独りで仕事しているフリーランスは、当然、お金の管理も自分でしなければなりません。
生活できるだけの収入を得ていれば、それで終わりという訳ではなく、収入に対する税金というものが掛かってきます。
ここでは、フリーランスが納めるべき税金の額を決める方法についてご説明しましょう。
フリーランスで確定申告が必要な人は?
基本的に、収入から経費を差し引いた所得が1年に20万円以上の人は税務署に確定申告をしなければなりません。
ただし、所得が20万円以下でも免除されるのは所得税だけで、住民税はこの条件による免除はありませんので、税が課されるかどうかは別にして、結局は申告しなければなりません。
一方、税金を納めるのではなく、一旦納めた税金を返してもらうにも確定申告が必要です。

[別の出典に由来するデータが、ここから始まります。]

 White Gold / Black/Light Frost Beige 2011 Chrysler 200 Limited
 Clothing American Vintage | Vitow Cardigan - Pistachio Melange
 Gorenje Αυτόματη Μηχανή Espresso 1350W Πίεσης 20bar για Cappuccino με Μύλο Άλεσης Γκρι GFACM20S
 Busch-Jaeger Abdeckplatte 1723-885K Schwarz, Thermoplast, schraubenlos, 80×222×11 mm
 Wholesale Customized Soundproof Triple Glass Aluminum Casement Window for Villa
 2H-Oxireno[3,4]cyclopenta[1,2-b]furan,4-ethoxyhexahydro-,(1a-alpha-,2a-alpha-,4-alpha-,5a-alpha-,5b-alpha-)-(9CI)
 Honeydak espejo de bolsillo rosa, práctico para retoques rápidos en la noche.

仕事を請け負って得る報酬から所得税が予め引かれている場合がありますが、1年全体の所得に掛かる税金よりも上回っている事が多いため、その差分は還付金として戻ってくるのです。
白色申告と青色申告のどちらにする?
フリーランス、つまり、個人事業主が確定申告する場合、「白色申告」と「青色申告」の2種類、方法があります。

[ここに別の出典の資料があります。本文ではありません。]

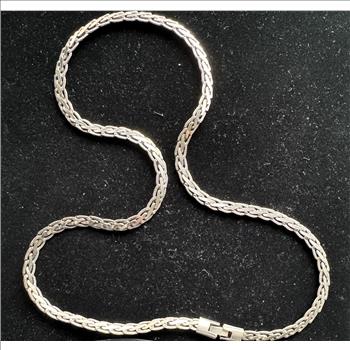 .925 STERLING SILVER VINTAGE BYZANTINE STAMPED UNIQUE HEAVY 24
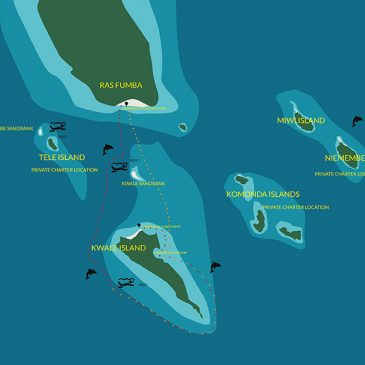 Safari Blue Zanzibar Tour Map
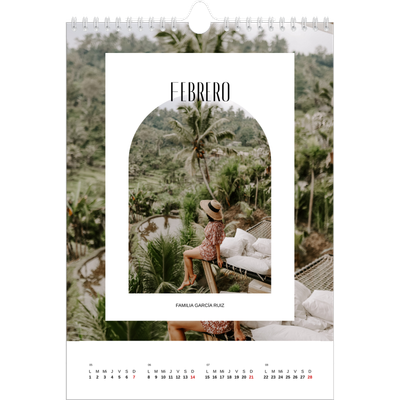 Calendario personalizado A4 — El arco abierto [Febrero]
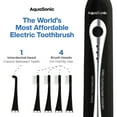 thumbnail image 6 of Aquasonic Home Dental Center - Electric Sonic Toothbrush & Smart Water Flosser Combo, 3 Cleaning Modes, Inductive Charging, Auto Timer, Complete Oral Care Kit for Family (Black), 6 of 8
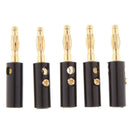 10pcs Banana Plugs Screw Type 4mm Plug Audio Speaker Cable Wire Connectors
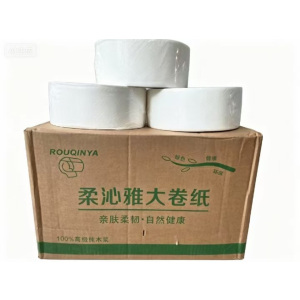 柔沁雅RQY-700大盘纸 125*91mm 四层 无香型 700克/卷 12卷/箱(单位:箱)白色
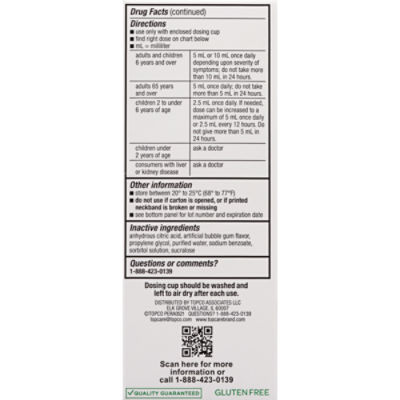 TopCare Childrens All Day Allergy Oral Solution Image 2 of 4
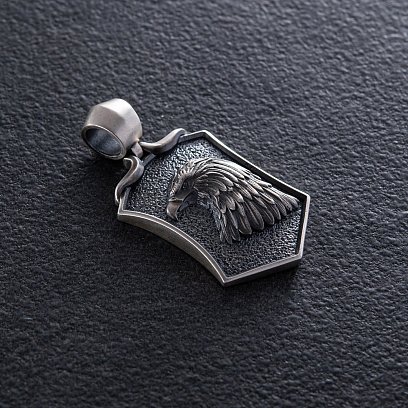 Мужской серебряный кулон "Орел" 377 №6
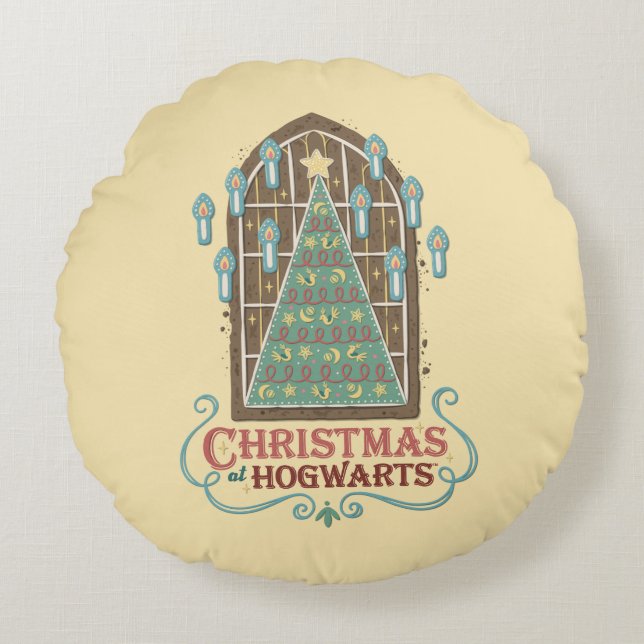 Christmas at HOGWARTS™ Cookie Graphic Round Pillow (Front)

「白色申告」は比較的収入が少ない人向けで、帳簿を付けたり、領収書などを保管する義務はありますが、家計簿の延長のようなものなので、経理に詳しくなくても大丈夫です。
その代わり、「青色申告」で受けられる特別控除はありません。
「青色申告」はさらに2種類に分かれ、10万円の控除を受けられるものと65万円の控除を受けられるものがあります。
65万円控除のほうは複式簿記を用意するなどの知識が必要ですが、10万円控除のほうは白色申告とほぼ同じなので、収入が多くなったら切り替えるのもいいかもしれません。
フリーランスの経費はどうする?


税金は、もらった報酬全部が対象になる訳ではありません。
まず、年金や健康保険に払ったお金は全額、所得から差し引かれる控除になります。さらに、生命保険なども上限が決まっていますが、控除の対象です。そして、一番大きいのが、仕事をする上で使ったお金、すなわち経費です。
白色申告は「収支内訳書」、青色申告は「所得税青色申告決算書」を見れば分かりますが、「経費」と書かれた大枠に「給料賃金」や「外注工賃」といった科目の欄が並んでいます。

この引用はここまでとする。